Thursday, November 5, 2015

Guilty By Association

Happy to see these shoes again

I've been listening to the same music playlist while running, and the past two weeks I'm nagged by a need for variety. The memorized playlist is making time seem to slow down rather than go by quickly. I start my run with Florence and the Machine's "Dog Days Are Over." When Florence sings "Run fast for your mother, run fast for your father, run for your children, for yours sisters and your brothers," I usually kick into high gear, and do a jump, punching the sky, as I progress from my warm-up trot to a high paced gallop. 
Since feeling compelled to change up my running music, I didn't dig too deep for inspiration. I simply typed "Running Music" into iTunes, and selected playlists that were created by some person who lives in a cubicle at Apple headquarters. This introduced me to a lot of music I would not normally listen to, unless I decided to finally start waking up early for spinning class, or developed a panache for dancing at da' club.
The music worked well enough because of fast hypnotic drum beats, however, after a while, it gets boring. The fun is in the unknown; what am I going to be exposed to today. For example, Maroon 5 is on an Apple created playlist. It was raining, so I had to go to the gym, and running on a treadmill, while staring at a wall for an hour, makes listening to the lyrics easy. So Adam Levine sang a song called "Sugar" which embarrassed me to red faced blushing that was camouflaged by my red faced sweating. First of all, I have never heard anyone call a pussy "Red Velvet" before, and I think even Bukowski would find Adam Levine yodeling about eating Red Velvet raunchy.
The Apple playlists were not proving to be a longterm solution. I decided to type a familiar artist into iTunes. It was Gaslight Anthem, a group I obsessed over for a couple years, and then abruptly stopped. 
Last June I was hitting the booze hard, and I'd listen to Gaslight on my computer, crying, dancing or secretly smoking out the bathroom window. It was a group I leaned heavily on while going through some emotional shit. Then one day, I chose to move on and stop wallowing, so I cut my ties with that sadness, and I rolled Gaslight into that time, leaving it with the buried baggage.
When I listened to their album yesterday, I remembered, "I fucking love The Gaslight Anthem!" And I didn't feel like shit, or return to my 13 month ago self.
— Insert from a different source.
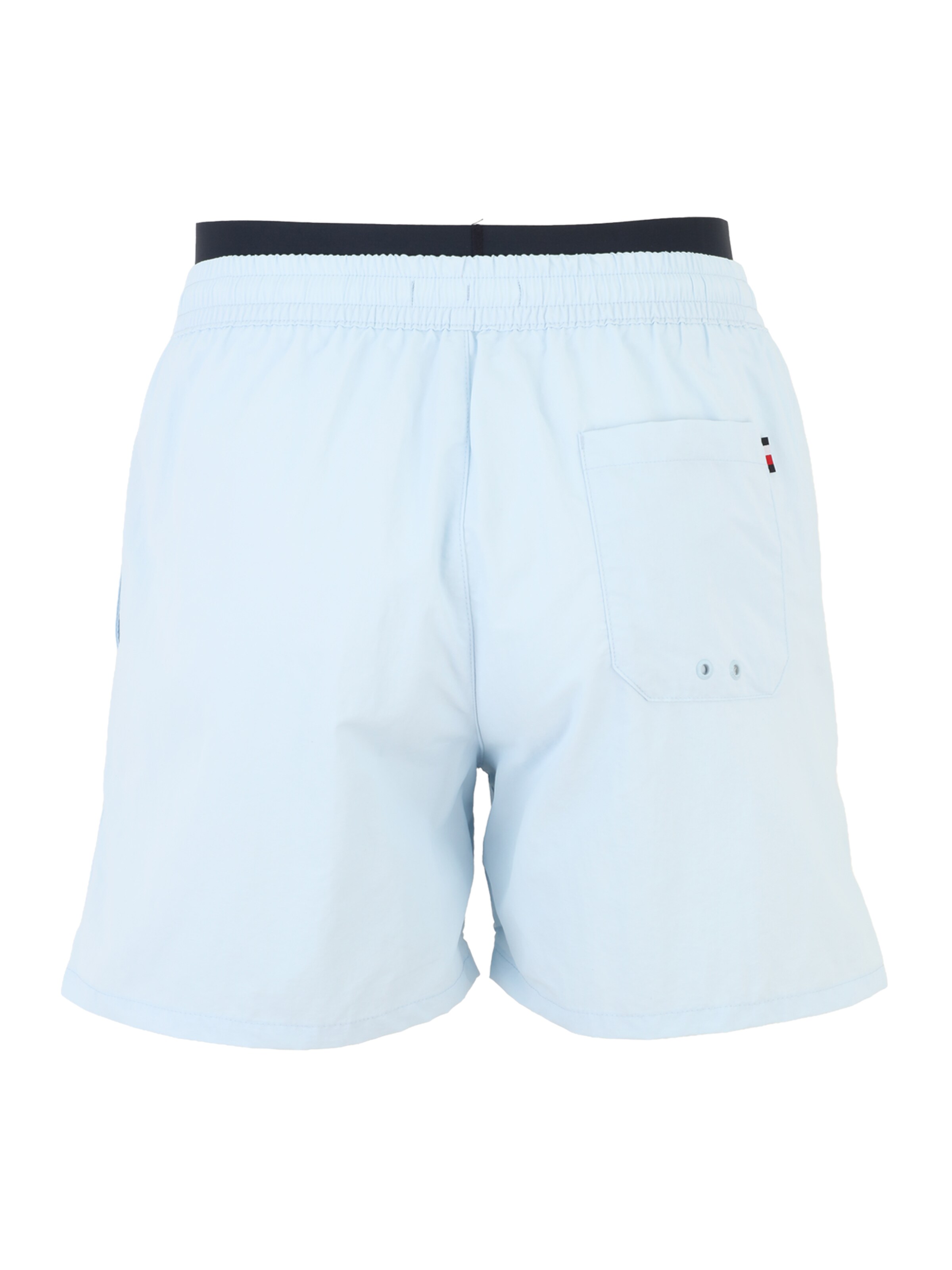 Tommy Hilfiger Underwear Ujumispüksid, värv sinine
Gaslight was guilty by association. I'm happy I went back and excavated them from the severed tie because listening to Gaslight in good times, makes me love them even more.
I looked at other things I shun because of bad times association, and knew it was time to absolve them of their guilt. I pulled my hipster shoes out of the back of my closet, where I threw them after a volatile night out, and put them on my feet. Walking forward.